**Records for the task**

>>>>

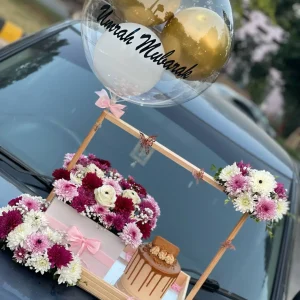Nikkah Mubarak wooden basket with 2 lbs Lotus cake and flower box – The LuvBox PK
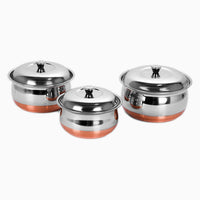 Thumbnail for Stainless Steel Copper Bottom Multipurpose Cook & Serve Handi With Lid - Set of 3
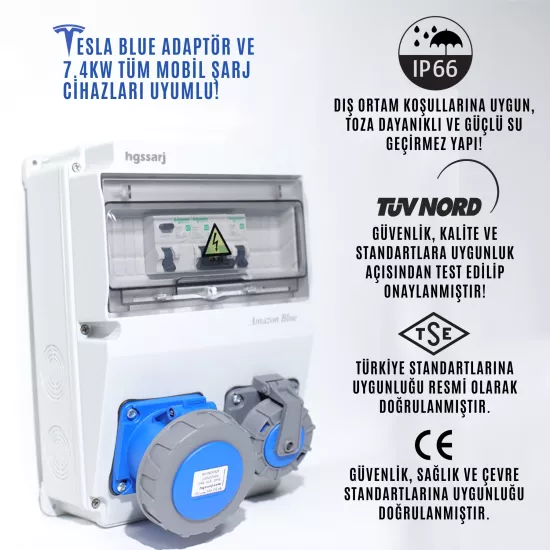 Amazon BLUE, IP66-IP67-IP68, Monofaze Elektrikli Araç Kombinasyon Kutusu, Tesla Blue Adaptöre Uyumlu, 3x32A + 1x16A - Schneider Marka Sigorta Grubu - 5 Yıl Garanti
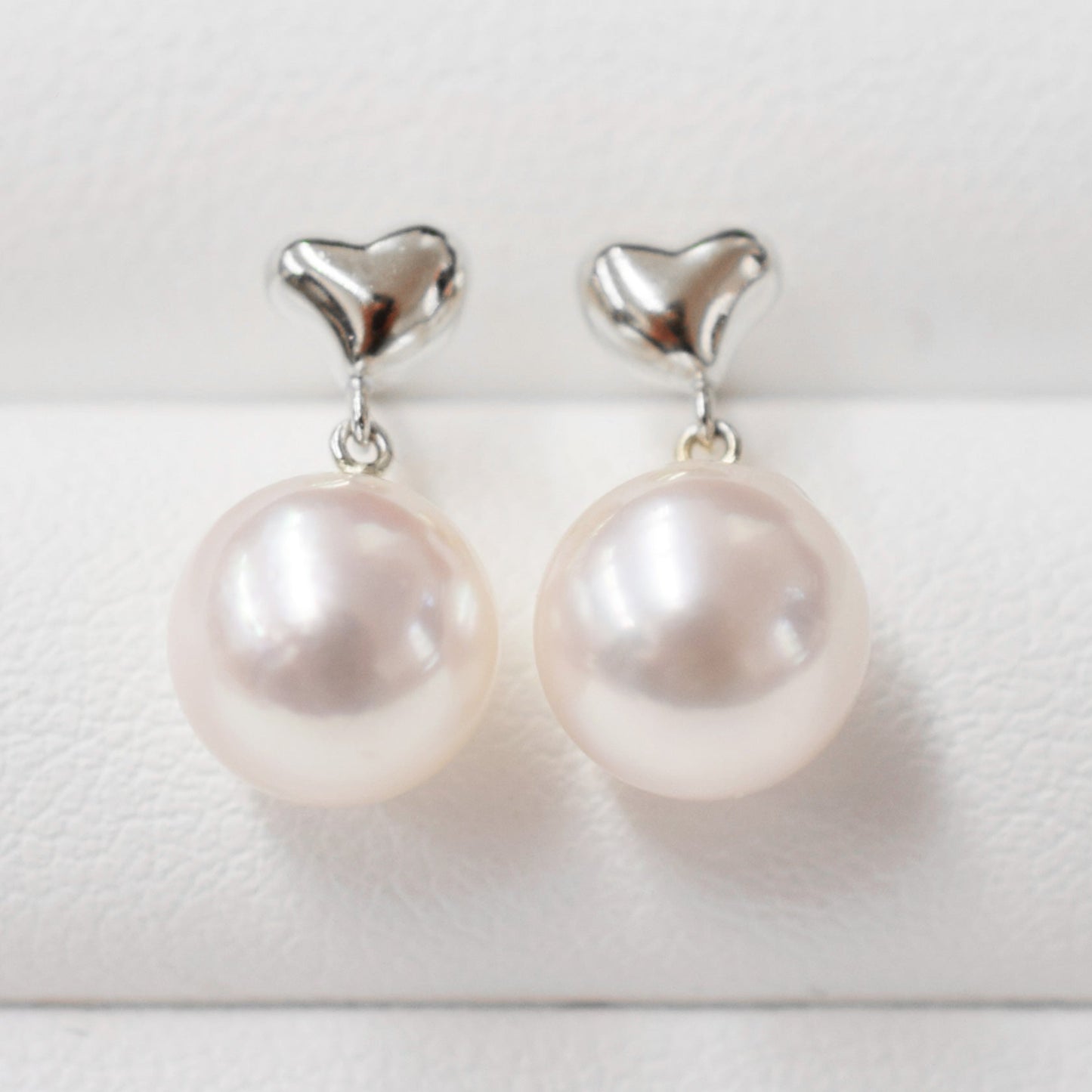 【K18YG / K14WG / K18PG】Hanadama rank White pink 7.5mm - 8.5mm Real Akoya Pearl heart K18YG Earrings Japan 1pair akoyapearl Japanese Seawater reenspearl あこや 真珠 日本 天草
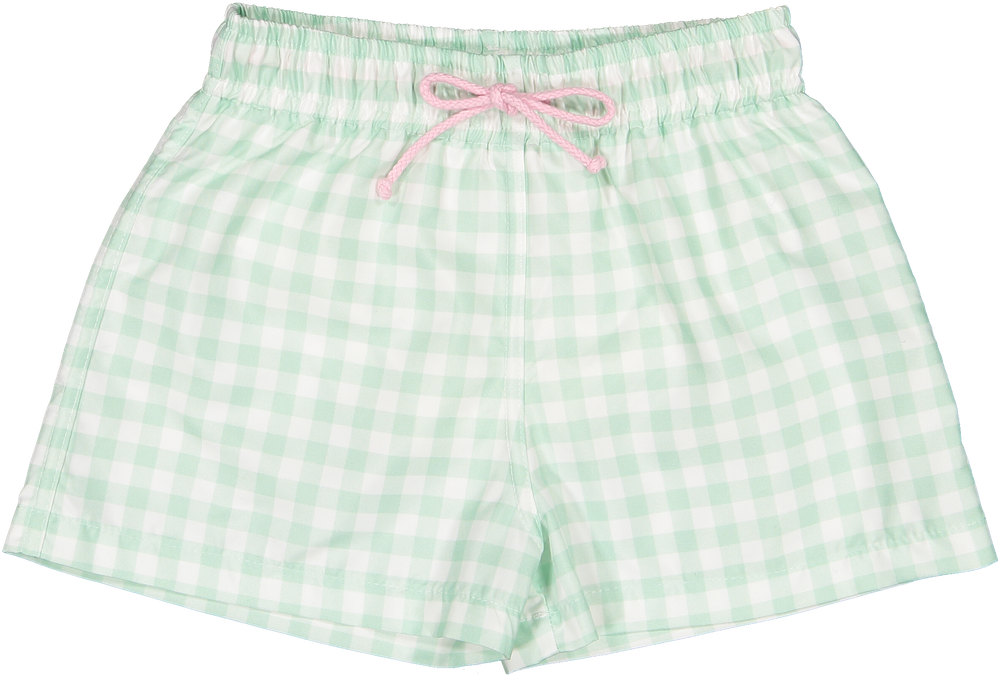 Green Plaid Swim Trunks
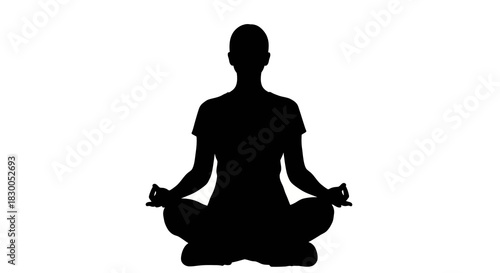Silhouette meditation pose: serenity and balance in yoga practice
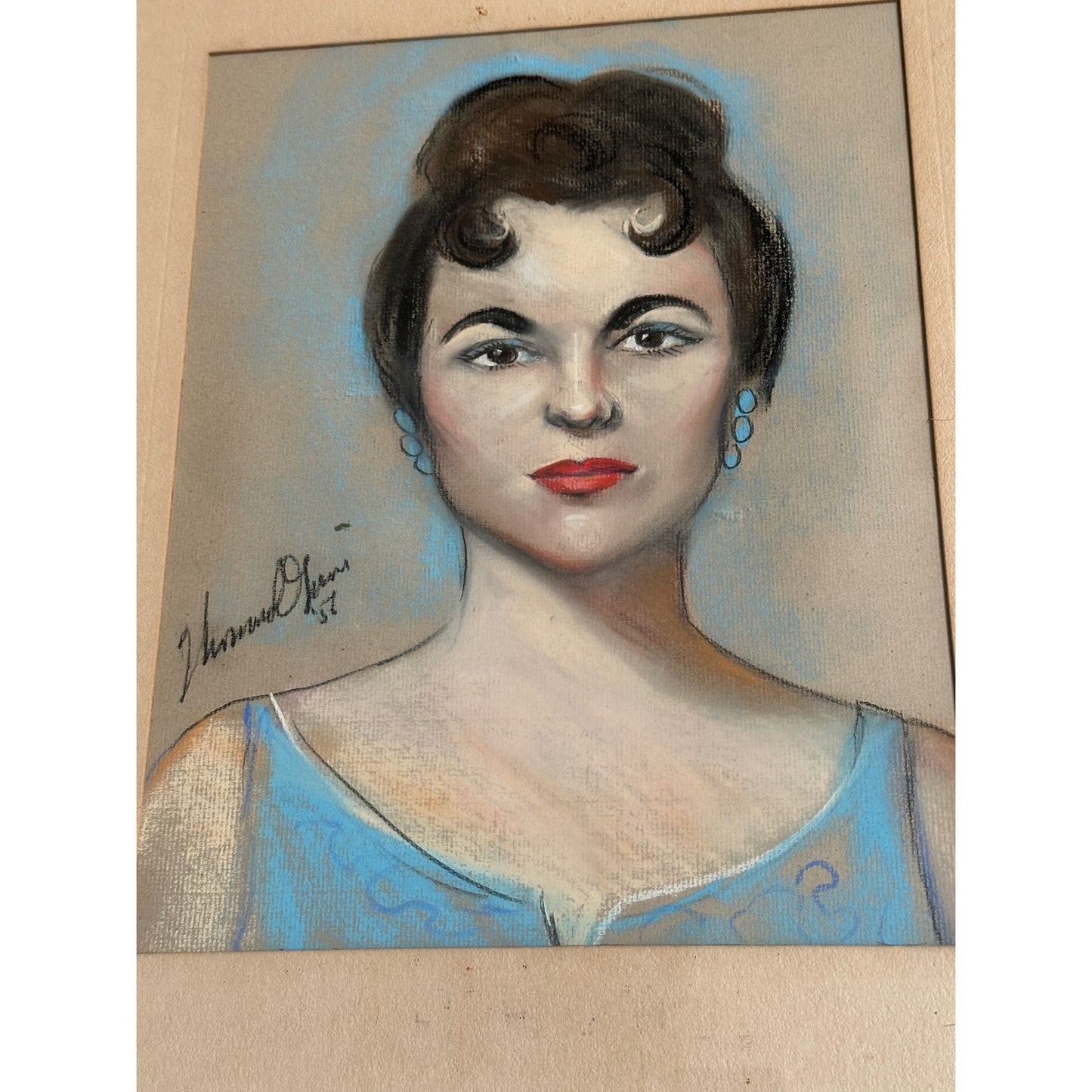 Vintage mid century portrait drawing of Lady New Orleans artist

<<<<
>>>>

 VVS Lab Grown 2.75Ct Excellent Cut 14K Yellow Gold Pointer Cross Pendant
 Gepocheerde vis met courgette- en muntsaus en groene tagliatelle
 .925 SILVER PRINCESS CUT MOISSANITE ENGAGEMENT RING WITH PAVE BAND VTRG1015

<<<<

**To do**
From the material above, reproduce only what runs from the line holding "Amazon BLUE, IP66-IP67-IP68, Monofaze" down to the line holding "あこや 真珠 日本 天草", both included, pictures excluded.

**Output for this task**
 Amazon BLUE, IP66-IP67-IP68, Monofaze Elektrikli Araç Kombinasyon Kutusu, Tesla Blue Adaptöre Uyumlu, 3x32A + 1x16A - Schneider Marka Sigorta Grubu - 5 Yıl Garanti
 【K18YG / K14WG / K18PG】Hanadama rank White pink 7.5mm - 8.5mm Real Akoya Pearl heart K18YG Earrings Japan 1pair akoyapearl Japanese Seawater reenspearl あこや 真珠 日本 天草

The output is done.